[Task directions]
Return all entries precisely as they stand, without the images.

[Supplied records]
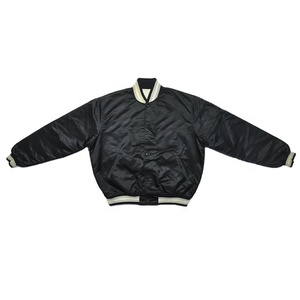 Blousons bombardiers universitaire de luxe avec logo personnalisé en soie veste de baseball en satin veste de baseball grande taille pour hommes - Product Image 2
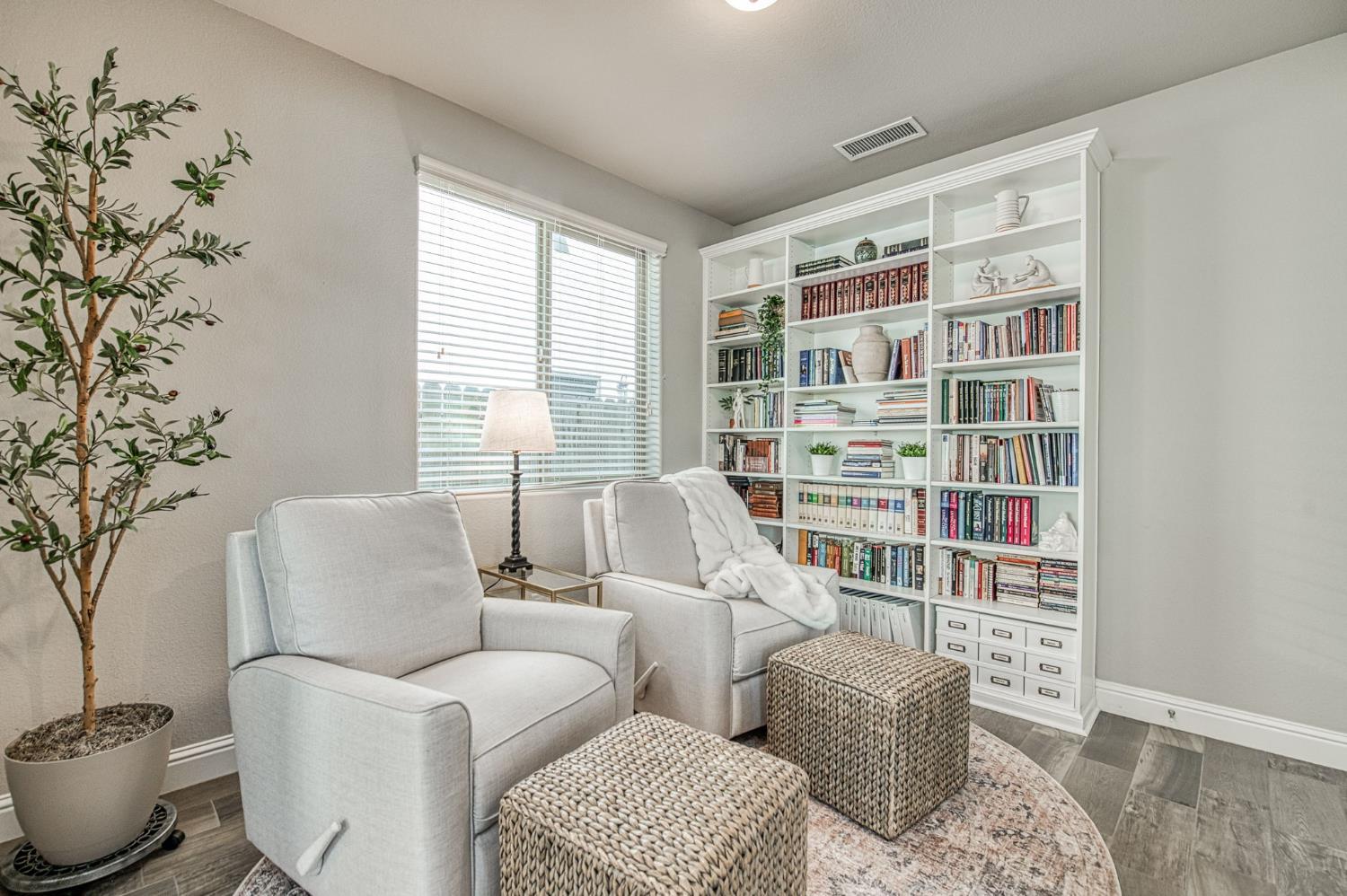 1453 E Via Viola Way, Fresno, CA 93730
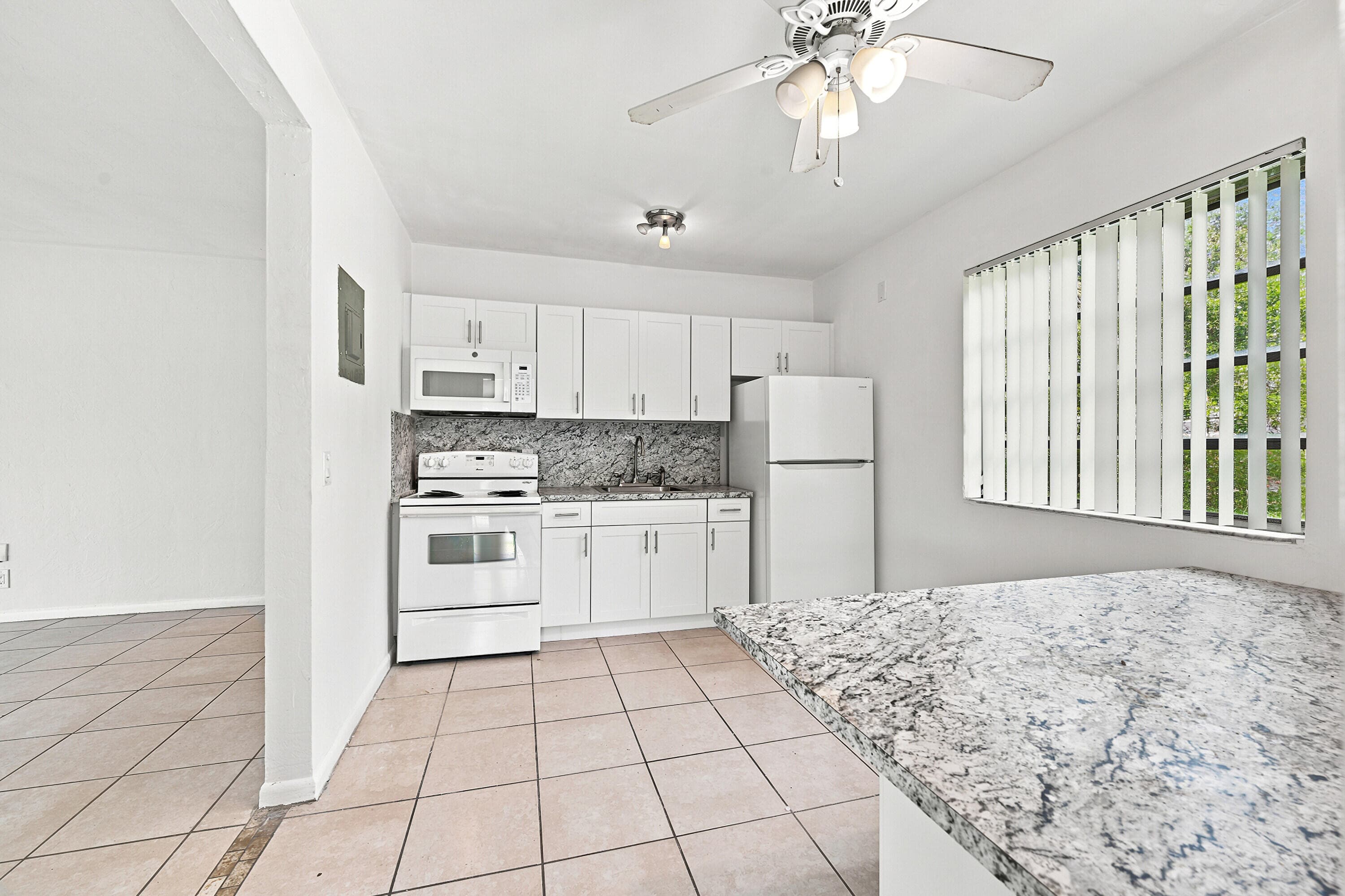 413 SW 24th Avenue, Fort Lauderdale, FL 33312 5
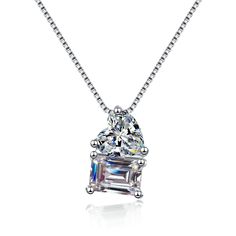 Experience the luxurious sparkle of the Square Sugar Moissanite Heart Pendant Necklace. The heart-shaped pendant is crafted from Moissanite, a rare gem that produces a brilliant, sparkling display unmatched by any other stone. Enjoy refined glamour with this beautiful necklace. Product Details: Material: 925 Sterling Silver Stone: Moissanite Diamonds/D /1 carat Weight: about 3.2g Length: 45cm SKU: AN23102430 Keywords: moissanite chain, moissanite necklace, moissanite pendant, moissanite pendants Moissanite Chain, Diamond Necklace Wedding, قلادات متدلية, Moissanite Pendant, Solitaire Earrings, Moissanite Necklace, Pearl Types, Solitaire Pendant, Moissanite Diamonds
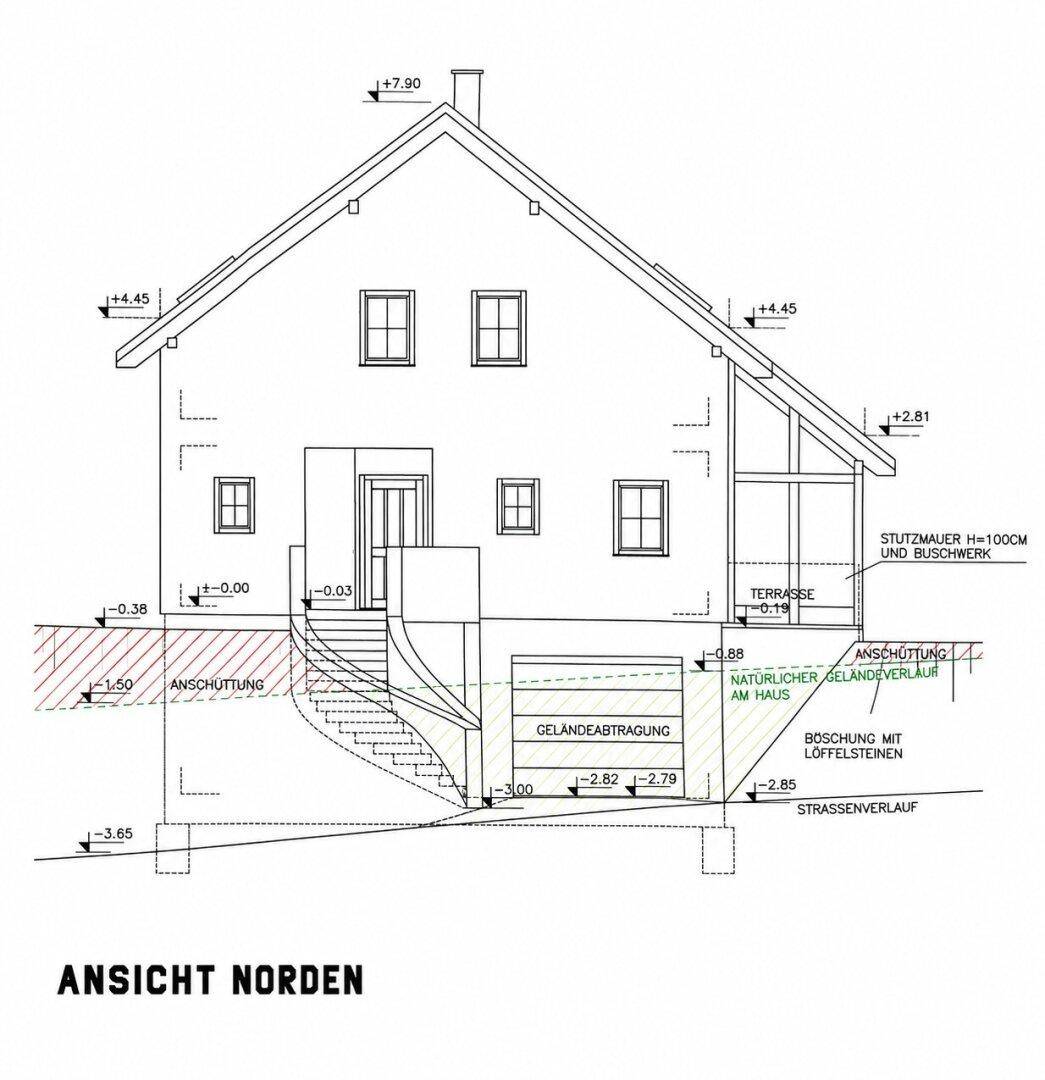 Nordansicht des Hauses mit Terrasse, großen Fenstern und einem klassischen Satteldach.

[Completed task]
 Blousons bombardiers universitaire de luxe avec logo personnalisé en soie veste de baseball en satin veste de baseball grande taille pour hommes - Product Image 2
 1453 E Via Viola Way, Fresno, CA 93730
 413 SW 24th Avenue, Fort Lauderdale, FL 33312 5
 Experience the luxurious sparkle of the Square Sugar Moissanite Heart Pendant Necklace. The heart-shaped pendant is crafted from Moissanite, a rare gem that produces a brilliant, sparkling display unmatched by any other stone. Enjoy refined glamour with this beautiful necklace. Product Details: Material: 925 Sterling Silver Stone: Moissanite Diamonds/D /1 carat Weight: about 3.2g Length: 45cm SKU: AN23102430 Keywords: moissanite chain, moissanite necklace, moissanite pendant, moissanite pendants Moissanite Chain, Diamond Necklace Wedding, قلادات متدلية, Moissanite Pendant, Solitaire Earrings, Moissanite Necklace, Pearl Types, Solitaire Pendant, Moissanite Diamonds
 Nordansicht des Hauses mit Terrasse, großen Fenstern und einem klassischen Satteldach.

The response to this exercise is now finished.